Brief History of Document Markup1

Dennis G. Watson2

INTRODUCTION

Document markup is the process of adding codes to a document to identify the structure of a document or the format in which it is to appear. Document markup is a communication form that has existed for many years. Until the computerization of the printing industry, markup was primarily done by a copy editor writing instructions on a manuscript for a typesetter to follow ( Figure 1 ). Over a period of time, a standard set of symbols was developed and used by copy editors to communicate with typesetters.

As typesetting functions became computerized, text formatting languages were written. A typesetter would convert the copy editor's markup into the appropriate markup for the text formatting language being used. Figure 2 is an example of the commands used by a typesetting system to print the chapter heading of a document.

Figure 1. Portion of a marked-up page with instructions for a typesetter.

The style of the document described in Figure 2 calls for the chapter heading to be one line below the normal starting point, the font to be changed to 16 point roman, and the heading to be centered and printed in bold. Since many text formatting languages were developed, many different instruction sets exist.

As computers became widely available, authors began using word processing software to write and edit their documents. Each word processing program had its own method of markup. Most electronic devices which store text for later recall and output use some form of markup. The markup may or may not be apparent to the user. The markup may be visible, hidden, entered by the user, or automatically generated. In some cases document markup takes the form of alphanumeric text characters and in other cases it is stored as binary data. In most cases, some form of delimiter is used to indicate the beginning of the markup and optionally the end of the markup. Although the power of a word processing program to format a document is impressive, it is also a burden when one wants to switch to the next generation computer and software. When upgrading equipment and software, old electronic documents must be converted to the new format. Sometimes this is handled automatically by the new software. At other times, it is not and an author must reenter formatting information, if not the entire text.

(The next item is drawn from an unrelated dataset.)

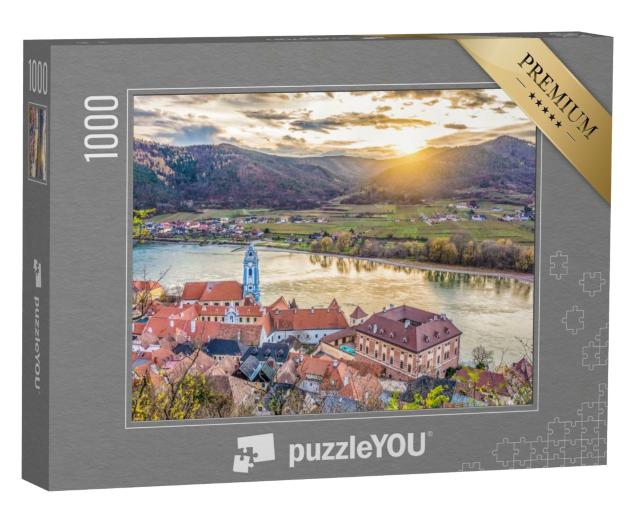 Puzzle 1000 Teile „Panoramablick auf das Wachautal mit der historischen Stadt Durnstein, Österreich“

Two categories of document markup are specific markup and generic markup. Specific markup uses instructions which are specific to the software being used to prepare or output a document. Generalized markup describes the structure of a document. For example, specific markup might include marking a heading as centered and bold. With generic markup, a first level heading could simply be marked as "head1."

Figure 2. Sample commands for a text formatting language which describe the appearance of a chapter heading.

Figure 3. Sample commands for a text formatting language which describe the appearance of a chapter heading.

Text formatting languages are another example of specific markup ( Figure 2 ). The commands used by the language are specific to the text processing software and usually have to be reentered in order for the text to be processed by a different text processing program.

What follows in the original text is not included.